**DATA PROVIDED:**
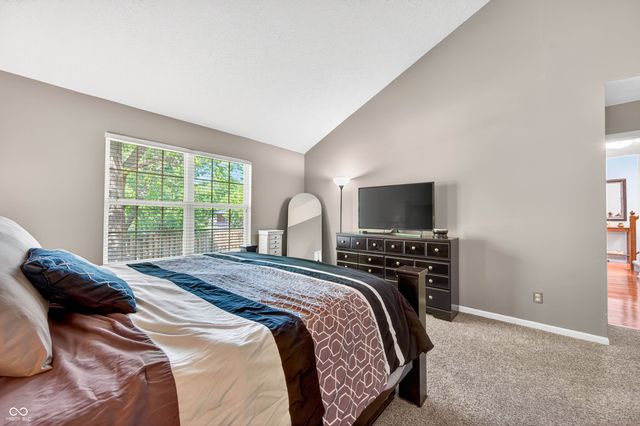 44 Ponsonby Court, Indianapolis, IN 46214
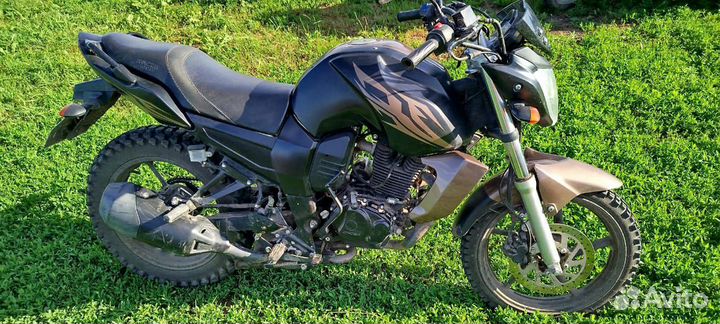 Продам Racer Nitro 250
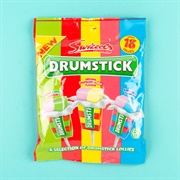 Swizzels Drumstick Lollies Variety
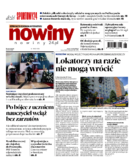 Nowiny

**WHAT THE TASK ASKS:** The material above is to be transcribed exactly, with its images omitted.

**TASK RESPONSE:**
 44 Ponsonby Court, Indianapolis, IN 46214
 Продам Racer Nitro 250
 Swizzels Drumstick Lollies Variety
 Nowiny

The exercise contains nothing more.